| What the task asks |
In the entries that follow, the lines from the one with "資産の増加、費用の増加「現金" through the one with "Market position of" are the ones to write out, exactly and with both ends included. Nothing else should appear.
(Available records begins)
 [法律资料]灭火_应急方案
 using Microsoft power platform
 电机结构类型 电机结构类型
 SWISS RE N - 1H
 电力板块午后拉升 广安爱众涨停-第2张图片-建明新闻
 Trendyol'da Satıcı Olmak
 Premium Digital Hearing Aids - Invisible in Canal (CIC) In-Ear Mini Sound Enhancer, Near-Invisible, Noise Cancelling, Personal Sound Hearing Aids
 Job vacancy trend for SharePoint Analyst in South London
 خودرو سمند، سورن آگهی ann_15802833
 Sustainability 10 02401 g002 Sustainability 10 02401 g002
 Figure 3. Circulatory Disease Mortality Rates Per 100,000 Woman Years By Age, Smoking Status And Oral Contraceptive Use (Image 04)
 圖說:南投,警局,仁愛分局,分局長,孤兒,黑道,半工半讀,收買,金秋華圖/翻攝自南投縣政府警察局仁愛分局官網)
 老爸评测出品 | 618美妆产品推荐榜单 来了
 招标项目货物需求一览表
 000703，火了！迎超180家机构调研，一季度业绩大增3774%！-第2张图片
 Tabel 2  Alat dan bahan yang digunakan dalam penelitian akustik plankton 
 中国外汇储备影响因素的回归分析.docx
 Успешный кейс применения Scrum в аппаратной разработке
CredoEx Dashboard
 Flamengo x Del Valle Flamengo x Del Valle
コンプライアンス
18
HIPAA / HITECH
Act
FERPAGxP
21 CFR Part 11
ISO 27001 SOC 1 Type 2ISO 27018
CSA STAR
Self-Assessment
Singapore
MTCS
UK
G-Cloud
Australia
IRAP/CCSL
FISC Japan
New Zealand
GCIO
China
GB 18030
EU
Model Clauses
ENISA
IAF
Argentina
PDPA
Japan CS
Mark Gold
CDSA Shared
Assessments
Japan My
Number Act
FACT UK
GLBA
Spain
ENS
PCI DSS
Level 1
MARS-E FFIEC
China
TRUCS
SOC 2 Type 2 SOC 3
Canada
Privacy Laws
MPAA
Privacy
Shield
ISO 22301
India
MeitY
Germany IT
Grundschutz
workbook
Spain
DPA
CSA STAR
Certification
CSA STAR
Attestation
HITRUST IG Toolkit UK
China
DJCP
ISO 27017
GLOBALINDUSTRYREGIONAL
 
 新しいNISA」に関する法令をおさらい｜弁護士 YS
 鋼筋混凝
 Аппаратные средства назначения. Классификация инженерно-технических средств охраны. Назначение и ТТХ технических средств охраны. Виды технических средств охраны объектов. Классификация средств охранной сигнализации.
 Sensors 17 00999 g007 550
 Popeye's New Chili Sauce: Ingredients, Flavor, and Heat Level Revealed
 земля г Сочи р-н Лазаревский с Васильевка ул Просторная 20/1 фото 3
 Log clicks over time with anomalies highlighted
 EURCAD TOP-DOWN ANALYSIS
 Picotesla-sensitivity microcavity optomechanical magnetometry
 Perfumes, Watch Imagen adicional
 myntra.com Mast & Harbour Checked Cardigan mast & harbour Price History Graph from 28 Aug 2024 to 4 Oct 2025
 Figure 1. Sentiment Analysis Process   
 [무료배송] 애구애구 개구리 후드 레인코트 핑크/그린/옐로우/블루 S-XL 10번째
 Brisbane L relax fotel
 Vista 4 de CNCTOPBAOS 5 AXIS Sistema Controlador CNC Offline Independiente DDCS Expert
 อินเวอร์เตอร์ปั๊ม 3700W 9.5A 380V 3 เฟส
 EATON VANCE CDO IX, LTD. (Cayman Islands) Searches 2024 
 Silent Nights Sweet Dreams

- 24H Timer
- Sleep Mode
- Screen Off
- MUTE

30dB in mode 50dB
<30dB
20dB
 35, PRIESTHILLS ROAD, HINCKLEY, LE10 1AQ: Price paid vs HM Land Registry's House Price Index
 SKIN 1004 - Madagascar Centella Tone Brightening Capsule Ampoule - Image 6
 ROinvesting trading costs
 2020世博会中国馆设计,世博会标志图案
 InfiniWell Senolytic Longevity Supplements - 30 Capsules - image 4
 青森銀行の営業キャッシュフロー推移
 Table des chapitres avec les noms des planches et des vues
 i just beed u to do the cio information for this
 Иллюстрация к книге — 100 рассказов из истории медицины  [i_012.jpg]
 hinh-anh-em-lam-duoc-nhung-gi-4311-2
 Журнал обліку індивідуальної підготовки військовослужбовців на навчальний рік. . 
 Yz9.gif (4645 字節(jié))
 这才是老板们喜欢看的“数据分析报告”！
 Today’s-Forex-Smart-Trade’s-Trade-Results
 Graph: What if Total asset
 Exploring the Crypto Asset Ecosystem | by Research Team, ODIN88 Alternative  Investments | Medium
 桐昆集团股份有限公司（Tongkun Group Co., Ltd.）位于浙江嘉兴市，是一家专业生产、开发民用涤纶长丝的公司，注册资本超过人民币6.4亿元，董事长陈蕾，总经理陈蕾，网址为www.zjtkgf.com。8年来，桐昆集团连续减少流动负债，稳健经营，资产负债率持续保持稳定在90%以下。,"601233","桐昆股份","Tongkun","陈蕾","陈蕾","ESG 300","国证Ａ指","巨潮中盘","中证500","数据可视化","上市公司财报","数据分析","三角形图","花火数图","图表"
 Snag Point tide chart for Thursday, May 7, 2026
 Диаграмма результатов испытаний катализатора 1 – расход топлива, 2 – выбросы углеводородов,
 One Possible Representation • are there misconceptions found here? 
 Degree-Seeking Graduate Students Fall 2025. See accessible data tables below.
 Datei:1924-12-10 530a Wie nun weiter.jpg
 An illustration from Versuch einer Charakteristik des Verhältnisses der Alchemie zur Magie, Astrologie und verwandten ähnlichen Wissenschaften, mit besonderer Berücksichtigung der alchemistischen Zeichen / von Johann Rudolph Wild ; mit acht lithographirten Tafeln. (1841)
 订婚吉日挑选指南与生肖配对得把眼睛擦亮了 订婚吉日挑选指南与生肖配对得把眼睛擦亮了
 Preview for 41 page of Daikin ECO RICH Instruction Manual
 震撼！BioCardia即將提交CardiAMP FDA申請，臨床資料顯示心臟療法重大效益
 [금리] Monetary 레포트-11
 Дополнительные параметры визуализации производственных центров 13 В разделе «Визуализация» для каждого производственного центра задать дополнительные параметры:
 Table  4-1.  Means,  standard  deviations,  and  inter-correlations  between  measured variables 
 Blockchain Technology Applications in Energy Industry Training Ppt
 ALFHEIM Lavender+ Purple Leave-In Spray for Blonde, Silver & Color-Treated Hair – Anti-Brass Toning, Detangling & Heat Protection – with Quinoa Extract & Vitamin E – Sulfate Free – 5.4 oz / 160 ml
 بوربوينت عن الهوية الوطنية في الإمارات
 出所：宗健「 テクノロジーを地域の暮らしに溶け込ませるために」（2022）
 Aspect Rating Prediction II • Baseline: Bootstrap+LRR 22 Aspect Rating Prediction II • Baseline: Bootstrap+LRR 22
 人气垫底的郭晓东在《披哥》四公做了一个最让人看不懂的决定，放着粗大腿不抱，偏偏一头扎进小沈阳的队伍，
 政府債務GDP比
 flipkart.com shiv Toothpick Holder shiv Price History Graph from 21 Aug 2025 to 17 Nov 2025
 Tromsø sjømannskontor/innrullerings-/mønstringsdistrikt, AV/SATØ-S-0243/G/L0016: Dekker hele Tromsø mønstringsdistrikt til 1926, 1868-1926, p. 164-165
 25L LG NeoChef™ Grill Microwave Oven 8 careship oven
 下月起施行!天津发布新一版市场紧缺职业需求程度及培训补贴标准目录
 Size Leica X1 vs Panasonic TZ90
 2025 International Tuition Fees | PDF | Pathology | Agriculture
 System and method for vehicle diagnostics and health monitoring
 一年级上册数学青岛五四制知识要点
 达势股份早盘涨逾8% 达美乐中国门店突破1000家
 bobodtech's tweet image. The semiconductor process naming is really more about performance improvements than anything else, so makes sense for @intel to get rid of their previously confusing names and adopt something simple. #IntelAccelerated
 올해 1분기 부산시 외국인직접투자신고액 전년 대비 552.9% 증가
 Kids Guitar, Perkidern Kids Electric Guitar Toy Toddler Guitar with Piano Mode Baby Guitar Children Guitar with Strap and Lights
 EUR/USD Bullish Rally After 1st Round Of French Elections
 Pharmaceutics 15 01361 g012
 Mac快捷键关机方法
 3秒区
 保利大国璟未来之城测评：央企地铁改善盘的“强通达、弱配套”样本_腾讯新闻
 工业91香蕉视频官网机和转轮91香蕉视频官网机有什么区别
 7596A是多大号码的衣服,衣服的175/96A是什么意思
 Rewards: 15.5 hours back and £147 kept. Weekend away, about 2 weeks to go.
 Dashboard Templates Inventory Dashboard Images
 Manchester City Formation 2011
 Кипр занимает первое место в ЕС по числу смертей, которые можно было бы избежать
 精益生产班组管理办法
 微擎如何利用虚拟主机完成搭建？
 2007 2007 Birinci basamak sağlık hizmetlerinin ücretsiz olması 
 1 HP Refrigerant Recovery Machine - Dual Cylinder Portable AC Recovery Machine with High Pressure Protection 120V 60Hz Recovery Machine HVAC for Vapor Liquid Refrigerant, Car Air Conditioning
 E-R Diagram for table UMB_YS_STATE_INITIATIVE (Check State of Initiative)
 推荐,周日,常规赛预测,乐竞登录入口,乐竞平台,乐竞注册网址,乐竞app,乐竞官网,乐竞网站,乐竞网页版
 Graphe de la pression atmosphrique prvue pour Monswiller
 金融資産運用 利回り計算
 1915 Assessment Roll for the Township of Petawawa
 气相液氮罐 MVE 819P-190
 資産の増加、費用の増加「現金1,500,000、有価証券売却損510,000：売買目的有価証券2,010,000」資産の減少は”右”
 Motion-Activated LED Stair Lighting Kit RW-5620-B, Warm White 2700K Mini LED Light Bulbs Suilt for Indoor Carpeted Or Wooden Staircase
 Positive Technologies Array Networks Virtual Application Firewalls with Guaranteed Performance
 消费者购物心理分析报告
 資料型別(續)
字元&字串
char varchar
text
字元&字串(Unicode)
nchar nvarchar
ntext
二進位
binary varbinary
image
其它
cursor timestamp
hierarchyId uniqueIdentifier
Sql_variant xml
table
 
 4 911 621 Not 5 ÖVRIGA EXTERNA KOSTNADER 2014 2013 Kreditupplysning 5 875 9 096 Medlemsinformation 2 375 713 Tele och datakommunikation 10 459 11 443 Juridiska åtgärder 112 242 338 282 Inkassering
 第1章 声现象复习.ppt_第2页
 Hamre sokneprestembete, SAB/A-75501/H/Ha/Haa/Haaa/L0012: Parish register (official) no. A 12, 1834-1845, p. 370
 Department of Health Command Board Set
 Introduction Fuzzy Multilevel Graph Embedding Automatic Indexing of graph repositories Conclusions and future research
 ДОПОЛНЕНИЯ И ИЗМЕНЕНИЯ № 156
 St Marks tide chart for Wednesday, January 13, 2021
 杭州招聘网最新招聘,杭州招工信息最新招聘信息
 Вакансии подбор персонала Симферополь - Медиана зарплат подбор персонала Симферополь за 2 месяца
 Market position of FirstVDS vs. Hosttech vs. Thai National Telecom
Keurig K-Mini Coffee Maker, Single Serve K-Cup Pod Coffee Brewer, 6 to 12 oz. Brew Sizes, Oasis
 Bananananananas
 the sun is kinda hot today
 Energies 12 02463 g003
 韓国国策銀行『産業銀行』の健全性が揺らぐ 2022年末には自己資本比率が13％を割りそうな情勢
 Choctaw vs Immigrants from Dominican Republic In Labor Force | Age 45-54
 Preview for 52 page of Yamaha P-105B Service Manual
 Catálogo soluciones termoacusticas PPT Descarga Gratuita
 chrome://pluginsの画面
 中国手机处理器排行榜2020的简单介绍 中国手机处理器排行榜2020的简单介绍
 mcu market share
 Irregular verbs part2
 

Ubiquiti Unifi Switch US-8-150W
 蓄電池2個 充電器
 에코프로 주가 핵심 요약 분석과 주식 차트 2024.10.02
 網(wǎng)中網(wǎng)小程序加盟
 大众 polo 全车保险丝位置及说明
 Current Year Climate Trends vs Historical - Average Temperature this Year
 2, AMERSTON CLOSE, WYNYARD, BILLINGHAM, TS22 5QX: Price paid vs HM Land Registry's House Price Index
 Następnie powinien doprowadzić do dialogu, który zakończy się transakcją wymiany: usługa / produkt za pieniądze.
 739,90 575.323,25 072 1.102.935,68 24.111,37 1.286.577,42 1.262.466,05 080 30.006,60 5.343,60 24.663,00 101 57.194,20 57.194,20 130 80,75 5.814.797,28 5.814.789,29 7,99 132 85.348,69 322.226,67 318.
(Available records ends)
| Solution to this exercise |
 資産の増加、費用の増加「現金1,500,000、有価証券売却損510,000：売買目的有価証券2,010,000」資産の減少は”右”
 Motion-Activated LED Stair Lighting Kit RW-5620-B, Warm White 2700K Mini LED Light Bulbs Suilt for Indoor Carpeted Or Wooden Staircase
 Positive Technologies Array Networks Virtual Application Firewalls with Guaranteed Performance
 消费者购物心理分析报告
 資料型別(續)
字元&字串
char varchar
text
字元&字串(Unicode)
nchar nvarchar
ntext
二進位
binary varbinary
image
其它
cursor timestamp
hierarchyId uniqueIdentifier
Sql_variant xml
table
 
 4 911 621 Not 5 ÖVRIGA EXTERNA KOSTNADER 2014 2013 Kreditupplysning 5 875 9 096 Medlemsinformation 2 375 713 Tele och datakommunikation 10 459 11 443 Juridiska åtgärder 112 242 338 282 Inkassering
 第1章 声现象复习.ppt_第2页
 Hamre sokneprestembete, SAB/A-75501/H/Ha/Haa/Haaa/L0012: Parish register (official) no. A 12, 1834-1845, p. 370
 Department of Health Command Board Set
 Introduction Fuzzy Multilevel Graph Embedding Automatic Indexing of graph repositories Conclusions and future research
 ДОПОЛНЕНИЯ И ИЗМЕНЕНИЯ № 156
 St Marks tide chart for Wednesday, January 13, 2021
 杭州招聘网最新招聘,杭州招工信息最新招聘信息
 Вакансии подбор персонала Симферополь - Медиана зарплат подбор персонала Симферополь за 2 месяца
 Market position of FirstVDS vs. Hosttech vs. Thai National Telecom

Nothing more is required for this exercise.